Fry bacon in large frying pan until almost crisp. Lift out with slotted spoon; drain on paper towel and set aside for Step 6. Leave drippings in pan.
Wash and dry chicken pieces well. Snip off small rib bones with kitchen scissors. Shake chicken in mixture of flour, salt and pepper in paper (or plastic) bag to coat well. (Save any leftover flour mixture for Step 4.)
Brown chicken, a few pieces at a time, in bacon drippings; place in 12-cup baking dish or casserole.
Preheat oven to 350.
Saute onion and garlic until soft in same frying pan; stir in saved flour mixture. Drain liquid from canned mushrooms (*save mushrooms for Step 6). Stir liquid, tomatoes, parsley, and tabasco into frying pan; heat to boiling, stirring constantly.
Spoon over chicken in baking dish; cover.

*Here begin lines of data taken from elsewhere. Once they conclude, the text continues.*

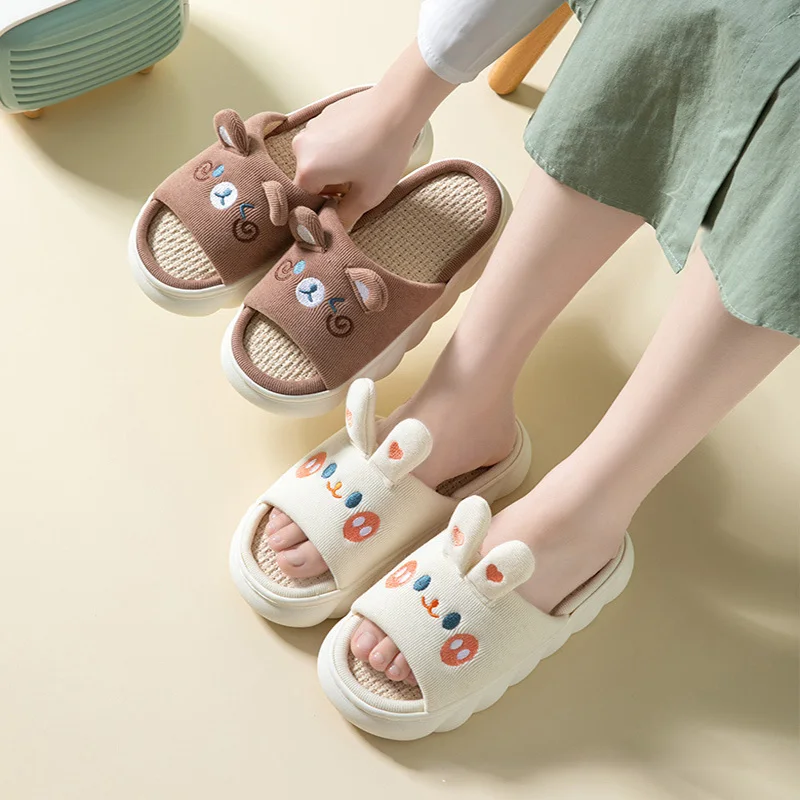 Thick Sole Cartoon Linen Slippers Female Cute Rabbit Anti-slip Sweat Home Comfy Sandals Four Seasons Family Cotton Slipper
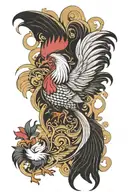rooster and catfish battling tattoo design idea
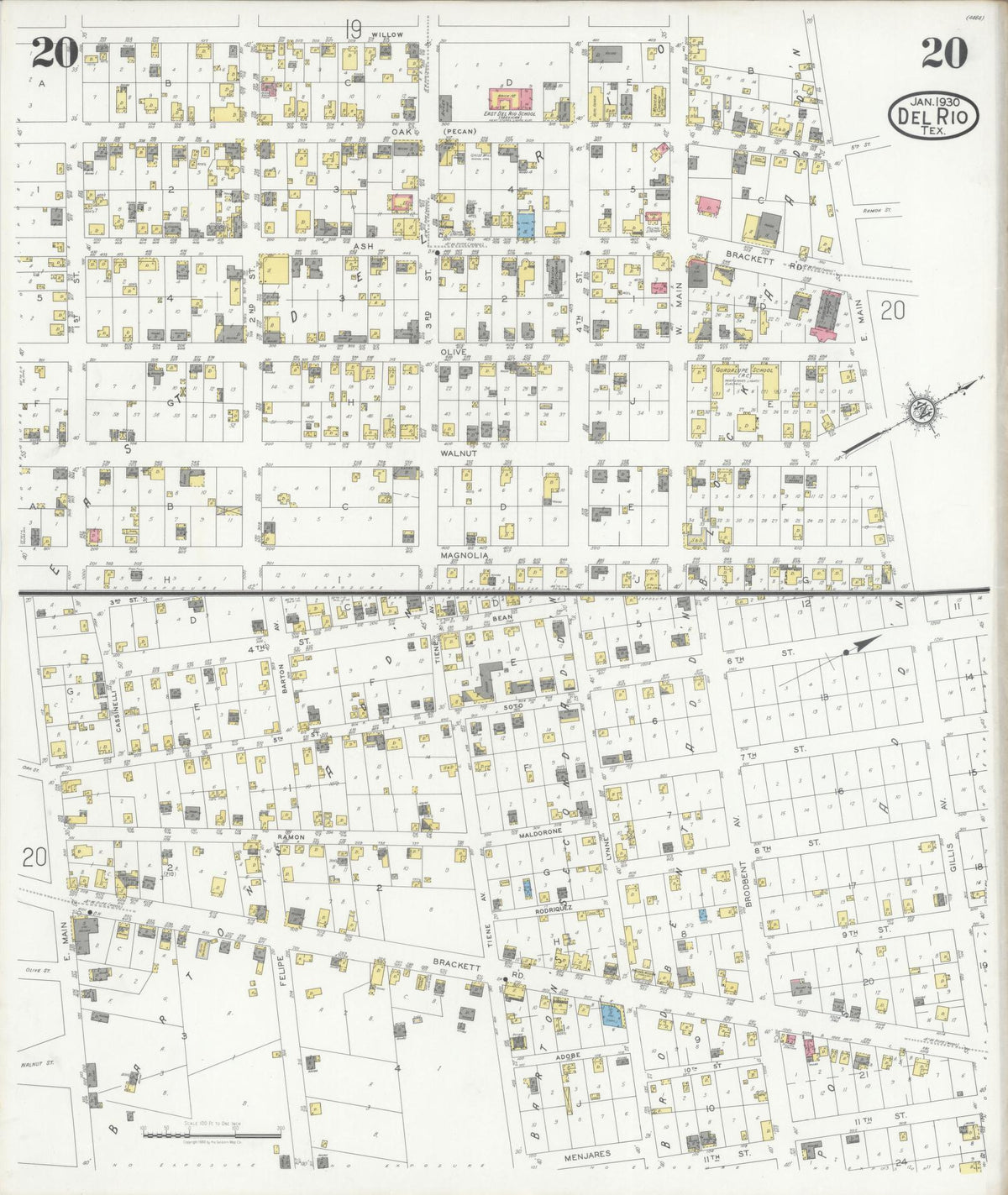 Sanborn Fire Insurance Map from Del Rio, Val Verde County, Texas (1930), Sheet #0020 - Historic Sanborn Fire Insurance Map Print, vintage old map wall art, antique decor, genealogy gift, Texas Texas map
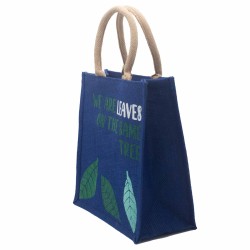 bedrukte jute tas - We are leaves - Geel, Blauw en Naturel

**Casserole can be put together up to this point, then chilled. Remove from fridge and let stand at room temp 30 minutes before baking.**
Bake at 350 for 1 hour 20 minutes. Uncover, sprinkle with saved bacon pieces and mushrooms. Bake 10 minutes longer, or until bacon is crisp.
GOLDEN CROUTONS: Trim crusts from 2 slices of bread, cut into 1-1/2 " cubes. Spread in single layer in shallow baking pan. Toast at 350 for about 10 minutes or until golden.
Just before serving, sprinkle Golden Croutons over top; garnish with more chopped parsley.